Mijn laaste aan uedele achtbaere was gedateerd den eersten januarie 1762, volgens inleggende copie ter rheede Groot Basa met inhebbende elf slaven alwaar wij den 3 dito ben vertrokken en langst de cust genegotieerd. So sijn wij den 9 februarie aan Caap Lahoe ten anker gekomen met eenhondert slaaven, vonden hier leggen het snaauwschip De Jacoba Maria, gecommandeert door den captain David Soloni van Vlissingen die den 11 dito na beneden vertrok. Den 20 dito quam bij ons ten anker het fregatschip De Guineese Vrinden, capteijn A. Meijer. Den 22 dito vertrokken wij van hier met 272 slaven, hebbe gemelde captain Meijer aldaar in een goeden welstand gelaten. Den 5en maart quamen wij ten anker met 274 slaven op de rheede Axim, alwaar wij den 21 dito vertrokken met 288 slaven en langst de cantoren genegotieerd te hebben. So sijn wij den 12 april met 305 slaven geankerd ter rheede d’Elmina, namen hier water en brandhout in en sloegen schooven op. Vonden hier ook leggen het fregatschip De Publicola, gecommandeert door den captain Jacob van Bel van Rotterdam, die alhier om slaven gedestineerd was. Ook kwam hier het snaauwschip De Jacoba Maria, captain David Soloni van Vlissingen, welke beijde mede zeijlreede waren. Hier was ook tijding van captain Den Hollander, Casteleijn, en captain Hermans dat die aan de bovencust waren.

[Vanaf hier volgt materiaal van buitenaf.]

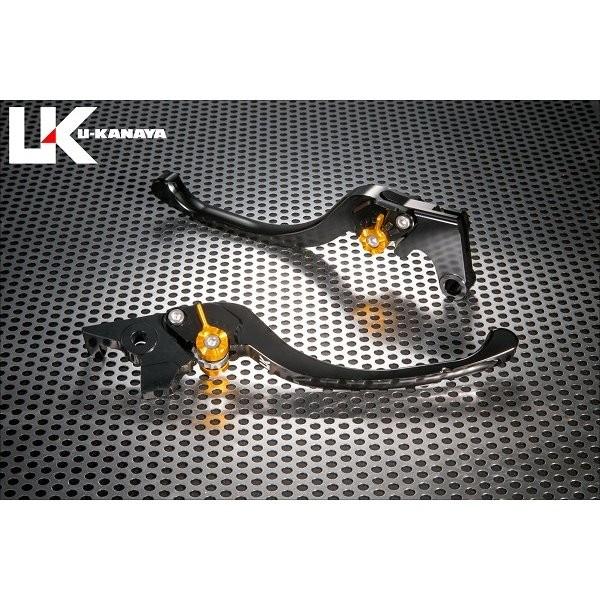 CBR600F（PC41）11年〜 ツーリングタイプ アルミビレットレバーセット（ブラック） U-KANAYA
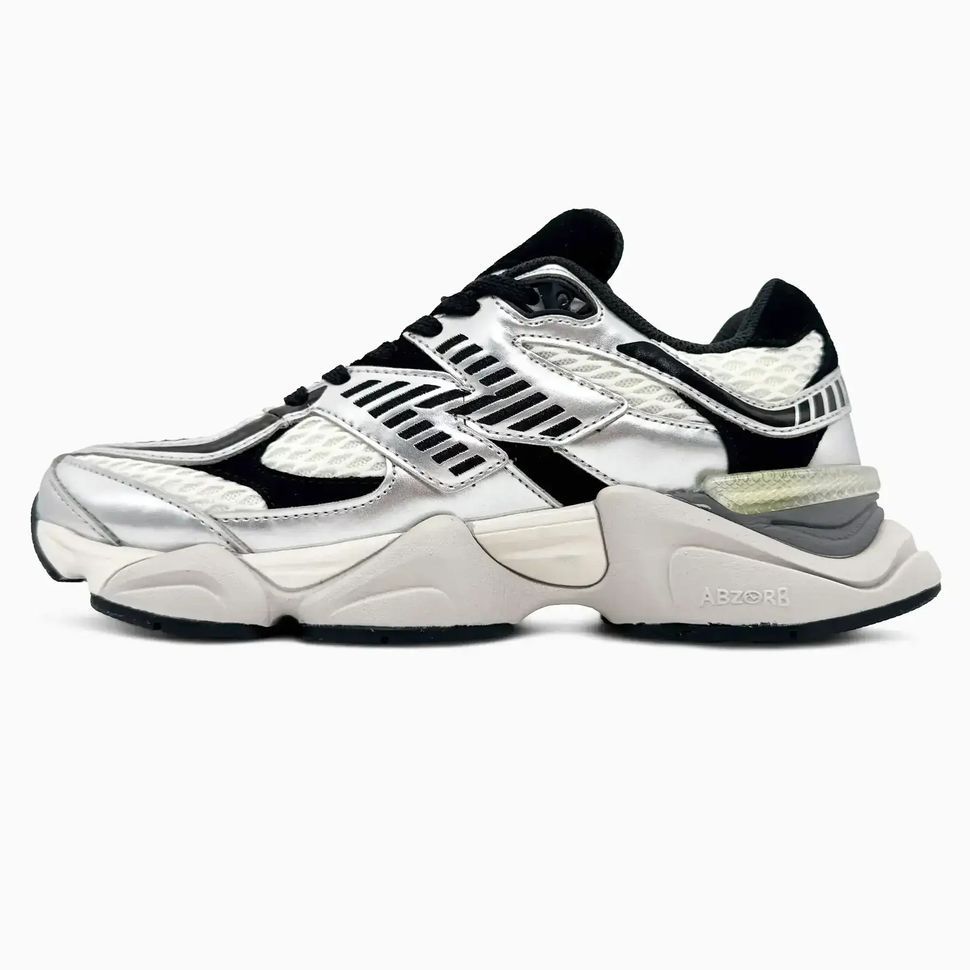 New Balance 9060 Silver Black, 36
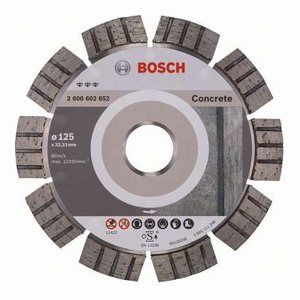 Алмазный отрезной круг Best for Concrete Bosch 125 x 22,23 x 2,2 x 12 mm (2608602652) Bosch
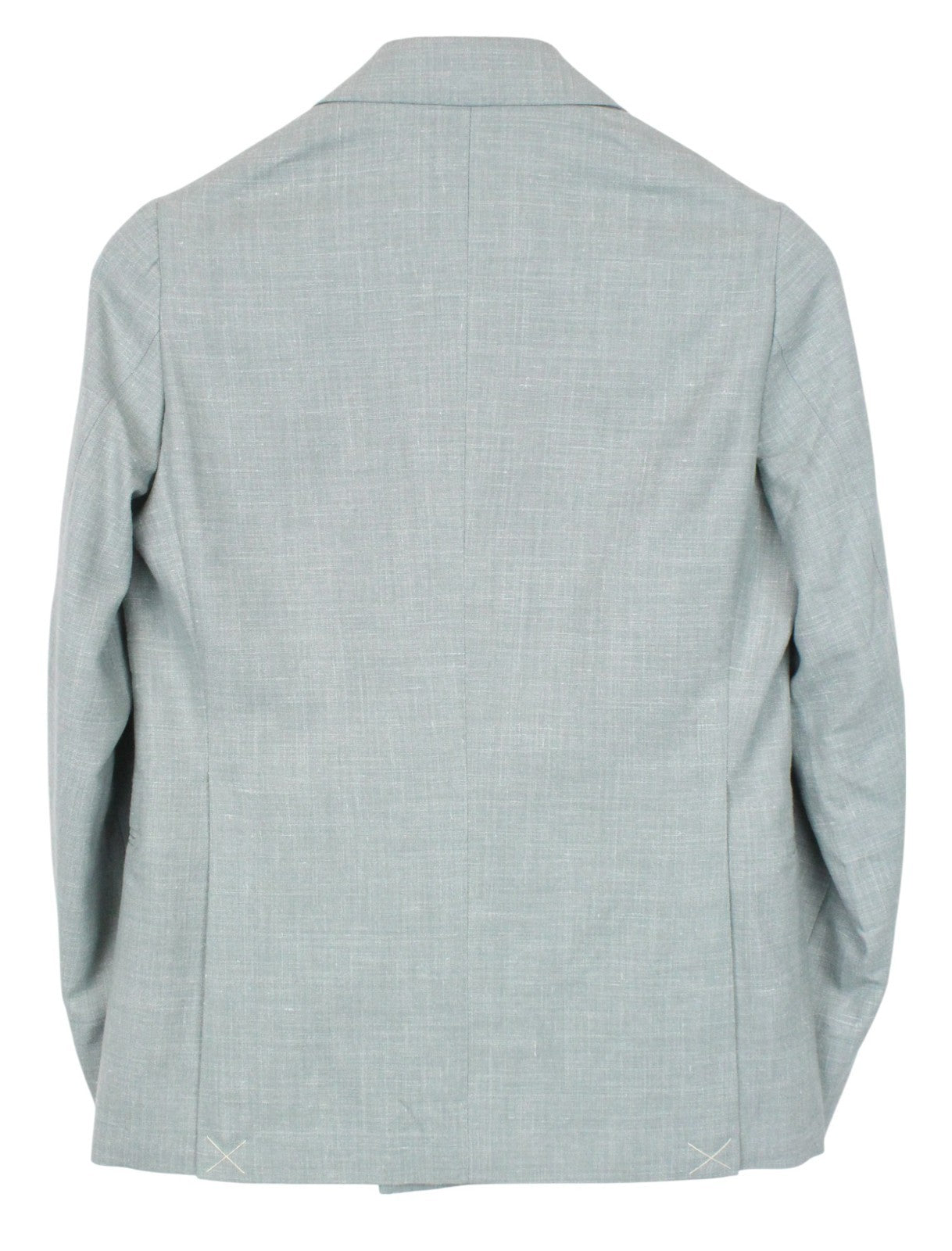 SUITSUPPLY La Spalla Men's Suit UK30R Double-Breasted Green Wool Silk Linen Set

Na de alwijse en de wonderbaere schikkinge des Alderhoogsten onder afbiddinge en inwagtinge van Sijne dierbaere zegeningen, sijn wij op dato vertrokken na de cust van America met 319 coppen levendige slaven, hebbe 7 doode slaven, hetwelk ten getalle is van 326 ingenegotieerde slaven en de ingenegotieerde olijphandtstanden sijn 3.611 lb. en 322 lb. crevellen, samen 3.933 lb. Hebbe ook nog eenige cargasoengoederen overig doordien de negotie alhier dodelijk is door alle de Engelsche goederen en ook den oorlog die de negers met malkanderen alhier te lande hebben, sodat er weijnig goud diep uijt het land kan komen.

Hoope uedele achtbaere bij mijn arrivement in de West-Indiesch (dat God geve) de verder omstandigheden van mijne reijs bekendmaken, benevens een rekening-courand van de carga toe te senden, dog wat plaats ik aandoen sal is mij nog onbekendt.

Verder weet ik uedele achtbaere niets meer te melden als sedert mijn vertrek uijt het vaderland tot heeden hebbe in alles drie dooden van mijn scheeps- volck soals uedele achtbaere hierinne suld bevinden, als Roelof Sieverts, geboortig tot Breeswijk in Noordwegen, overleden den 24 december 1761 ter rheede Groot Basa, en den bootsmansmaat Hans Cramer van Coppenhage, die den eersten januarie 1762 des ’s nachts is overboord gevallen en verdronken, en den 22 februarie 1762 met de boot de tijding bekomen, dewelke uijt negotieeren was geweest, alsdat den matroos Maarten Cappel, in deselve sijnde, geboortig van Vlissingen, is verdronken. Voor het overige ben, God sij gedankt, benevens mijn officieren en scheepsvolk nog alle in een goede welstand, soals ik wensch dese uedele achtbaere en famillie mag aantreffen.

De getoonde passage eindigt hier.